Recientemente la prensa informó que una jueza prohibió una “fiesta gay” en una urbanización cerrada. Según el periódico, los vecinos solicitaron que se detuviera la fiesta por tratarse de una actividad que “es promovida por una organización homosexual”. Se argumentó que la fiesta no iba acorde con el “carácter residencial” de la urbanización exclusiva y contravenía sus “condiciones restrictivas”.
Si bien el argumento “residencial” tiene apariencia de neutralidad, siempre habría que preguntarse: ¿se hubiese impugnado otro tipo de fiesta? ¿Cuán distinta es esta fiesta de otras que también pondrían en duda el carácter residencial”? ¿Por qué la referencia a la “organización homosexual”? ¿No será esto parte de la tendencia de sectores conservadores o fundamentalistas, avalada por el Gobierno, de imponerle una moralidad particular al resto de la sociedad (en este caso al dueño de la casa)?
Habría que tener el ojo avizor y cuestionar si de lo que se trata es de discriminación y homofobia por la vía del derecho privado o las normas de urbanismo; si se trata de un acto de discriminación, aunque indirecto, contra las personas LGBTT. A éstos, como a Shelley y a Ethel, se les cierran cada vez más las puertas para el reclamo de sus derechos, de sus espacios, de su dignidad y se les rezaga a una condición de ciudadanos inferiores sin los derechos del resto.
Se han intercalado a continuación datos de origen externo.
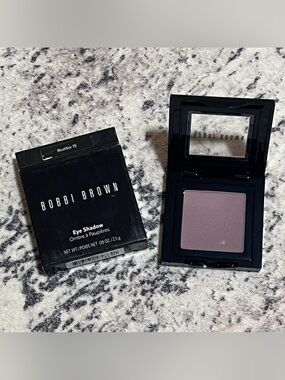 bobbi brown eyeshadow heather 15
Conviene preguntarnos si se está utilizando el derecho de propiedad para dar la apariencia de legalidad a conductas discriminatorias excluyentes y que atentan contra el derecho a una igual protección de las leyes. Como bien resolvió el Supremo de Estados Unidos, el Gobierno y las cortes, al refrendar normas privadas discriminatorias, violentan la protección constitucional y se apartan de un sistema que debe ser igualitario. Una tendencia en esa dirección -aunque se disfrace de urbanismo- es una discriminación impermisible que ni el Estado ni las cortes deben avalar.
Debe ponerse un alto urgente a las subcategorías de ciudadanos con menos derechos que otros. No debemos permitir que se vista de legalidad la discriminación, el atropello y la exclusión en nuestra sociedad.